El problema es cuando alguien vive en una lengua que no ha aprendido de su santa madre y los inputs se restringen a sus necesidades primarias. Su desenvoltura léxica crecerá siempre en proporción al número de situaciones que haya vivido para contar, pero su abanico conceptual se limitará al tipo de las mismas.

Les hago un croquis: aunque usted lleve solo seis meses por las Teutonias, si resulta que se ha enamorado de un autóctono, es seguro que manejará con soltura expresiones como «¿en tu casa o en la mía?», «jijiji jajaja» o «cabronazo». Por esta misma regla, también puede ocurrir que usted lleve cinco años por aquí, esté licenciado en Filosofía y le tenga que preguntar a su mico de tres cómo se dice «sacapuntas», porque se ha sacado la carrera con los Pilots de toda la vida.

¿Entienden lo que les digo?

Bien, entonces comprenderán que, por muchas humanidades y a pesar de encontrarme en amorío estable con teutón, cuando se nos acopló el primero de nuestros polluelos, conceptos como «cólico del lactante», «prueba del talón» o «meconio» no formaban parte de mi colchón idiomático. No la formaban de mi español, pues figúrense de mi alemán.

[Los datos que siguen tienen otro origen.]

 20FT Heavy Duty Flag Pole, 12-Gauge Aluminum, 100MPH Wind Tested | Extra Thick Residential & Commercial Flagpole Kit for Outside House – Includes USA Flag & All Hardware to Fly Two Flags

Yo me apliqué, no se crean, que, como buena estudiosa de la lengua y solitaria hostigadora del pediatra, ir cargando con el diccionario a todas partes era para mí novatismo de manual. Inconcebible.

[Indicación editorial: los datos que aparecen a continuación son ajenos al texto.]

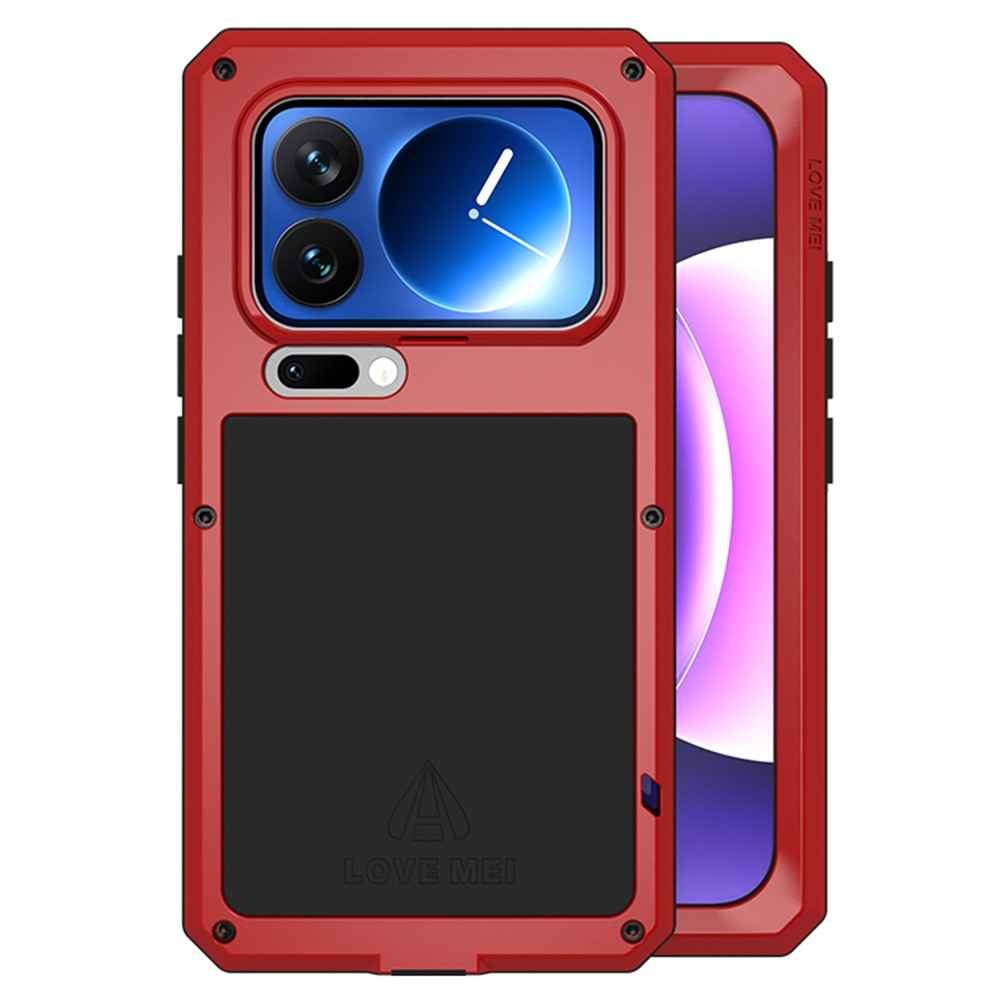 LOVE MEI For Xiaomi 17 Pro Case Tempered Glass Screen Protector Metal + Silicone Phone Cover - Red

Así que ufana me fui un día, bien comida, bien bebida y bien estudiada a mi primera cita con el pediatra, segurísima de la buena impresión que causaría como madre preocupada y preguntona.

Todo estaba saliendo rodado, de verdad de la buena; incluso juraría que estaba impresionando a la enfermera con un dominio más que aceptable del glosario pediátrico alemán. Tendrían que haberme visto: un aplomo, una soltura, un desparpajo dignos de una Mutter de pro.

Y me pudo la vanidad, claro; y me emocioné un poquito y le pregunté hasta por el número de flatulencias que recomienda la OMS, no fuese a ser que el niño eructase poco. Y en esto que me acordé de mi incultura varonil —que yo solo tengo hermana— y se me ocurrió comentarle que «no sé si será normal, pero el niño tiene un poco roja la… la… eeee… la…».

La enfermera esperaba.

Y yo mientras rebuscaba en mi sesera cómo se decía «la… la… ¿pollita?».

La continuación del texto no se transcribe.